TASK ITEM >> Please return the data word for word and leave out any picture it contains.

RECORDED INFORMATION >>
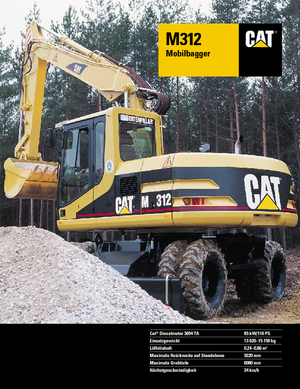 Excavatrice sur pneus Caterpillar M 312 Mono
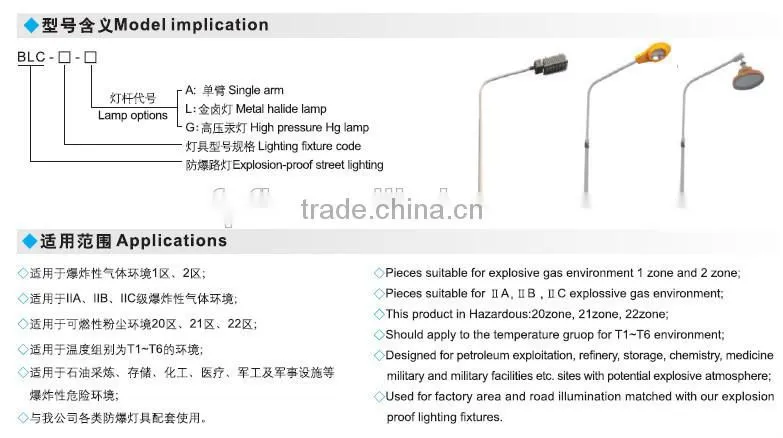 BLC Explosion proof street light IP65 china supplier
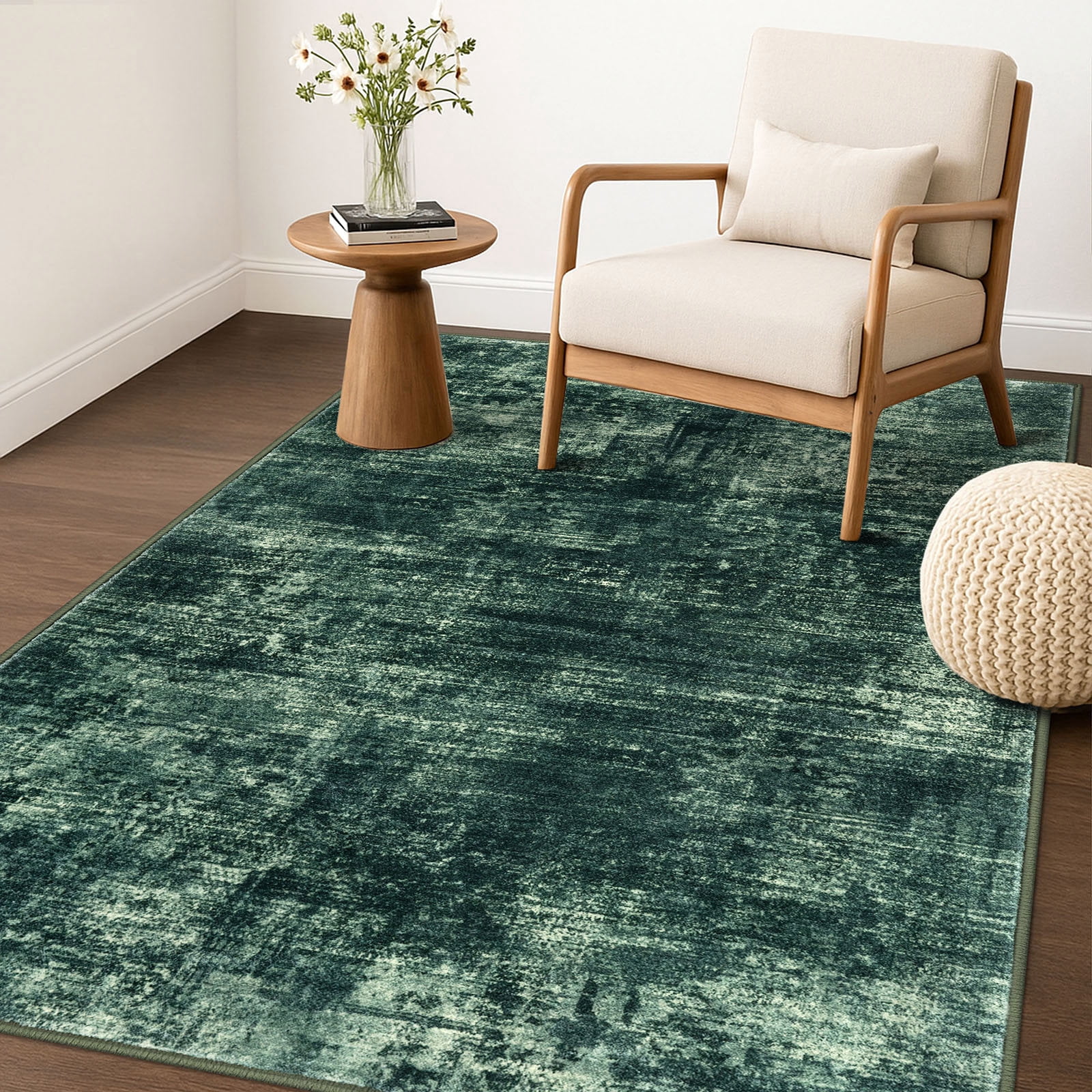 iOhouze Washable Rugs 3x5 ft Entryway Rugs Abstract Non Slip Area Rug Printed Faux Wool Soft Kitchen Rugs Indoor Rugs for Entrance Foyer Living Room Bedroom, Dark Green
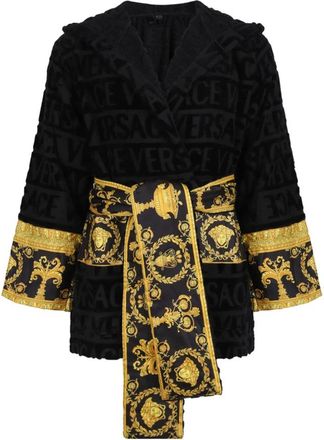 Versace Nachtkleding, Dames, Zwart, M, Katoen, Zwarte korte badjas met barokdesign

YOUR SOLUTION >>
 Excavatrice sur pneus Caterpillar M 312 Mono
 BLC Explosion proof street light IP65 china supplier
 iOhouze Washable Rugs 3x5 ft Entryway Rugs Abstract Non Slip Area Rug Printed Faux Wool Soft Kitchen Rugs Indoor Rugs for Entrance Foyer Living Room Bedroom, Dark Green
 Versace Nachtkleding, Dames, Zwart, M, Katoen, Zwarte korte badjas met barokdesign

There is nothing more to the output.